Instructions to follow => For the records below, the count of lines that hold "Funny" is required; give only that number.

Dataset entries:
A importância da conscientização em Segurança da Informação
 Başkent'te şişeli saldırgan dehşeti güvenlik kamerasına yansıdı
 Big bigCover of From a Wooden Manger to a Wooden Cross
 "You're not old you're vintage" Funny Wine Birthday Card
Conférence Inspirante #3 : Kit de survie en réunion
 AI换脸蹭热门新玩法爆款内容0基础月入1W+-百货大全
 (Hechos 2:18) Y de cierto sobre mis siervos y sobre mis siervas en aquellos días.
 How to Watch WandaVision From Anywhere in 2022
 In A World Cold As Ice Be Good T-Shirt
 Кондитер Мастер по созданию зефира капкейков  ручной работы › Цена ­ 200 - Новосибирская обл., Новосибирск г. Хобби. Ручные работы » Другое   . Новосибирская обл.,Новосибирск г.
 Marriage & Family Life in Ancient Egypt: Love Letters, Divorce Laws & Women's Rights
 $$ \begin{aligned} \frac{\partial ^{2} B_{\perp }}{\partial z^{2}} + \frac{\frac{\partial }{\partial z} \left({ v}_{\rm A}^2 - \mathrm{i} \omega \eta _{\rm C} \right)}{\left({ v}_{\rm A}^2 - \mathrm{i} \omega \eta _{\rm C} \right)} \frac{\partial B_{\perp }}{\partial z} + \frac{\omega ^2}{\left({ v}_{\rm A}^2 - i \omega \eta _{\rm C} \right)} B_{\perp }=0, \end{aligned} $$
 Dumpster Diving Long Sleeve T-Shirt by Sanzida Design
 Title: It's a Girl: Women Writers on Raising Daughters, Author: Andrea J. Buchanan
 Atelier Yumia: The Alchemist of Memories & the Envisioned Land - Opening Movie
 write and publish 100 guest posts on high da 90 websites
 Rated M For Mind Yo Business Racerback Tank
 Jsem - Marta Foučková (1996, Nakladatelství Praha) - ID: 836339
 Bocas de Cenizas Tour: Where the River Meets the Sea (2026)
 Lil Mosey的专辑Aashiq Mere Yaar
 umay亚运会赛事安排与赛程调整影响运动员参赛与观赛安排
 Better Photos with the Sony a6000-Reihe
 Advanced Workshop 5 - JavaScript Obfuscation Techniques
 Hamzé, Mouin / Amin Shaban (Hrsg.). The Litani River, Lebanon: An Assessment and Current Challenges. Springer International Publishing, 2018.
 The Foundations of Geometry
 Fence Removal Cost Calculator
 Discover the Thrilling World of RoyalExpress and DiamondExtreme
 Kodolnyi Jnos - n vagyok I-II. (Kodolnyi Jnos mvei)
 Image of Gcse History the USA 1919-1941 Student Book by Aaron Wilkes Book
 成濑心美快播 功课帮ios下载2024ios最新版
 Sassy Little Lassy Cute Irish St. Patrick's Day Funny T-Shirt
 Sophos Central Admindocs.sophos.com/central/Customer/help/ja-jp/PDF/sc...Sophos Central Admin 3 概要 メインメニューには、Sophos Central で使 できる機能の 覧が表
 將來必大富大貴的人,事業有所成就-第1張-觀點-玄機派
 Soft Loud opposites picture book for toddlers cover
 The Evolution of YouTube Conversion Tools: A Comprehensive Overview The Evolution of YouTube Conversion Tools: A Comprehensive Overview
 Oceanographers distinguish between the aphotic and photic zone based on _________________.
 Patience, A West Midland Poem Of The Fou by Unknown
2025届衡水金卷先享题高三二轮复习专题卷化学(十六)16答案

Answer space => 2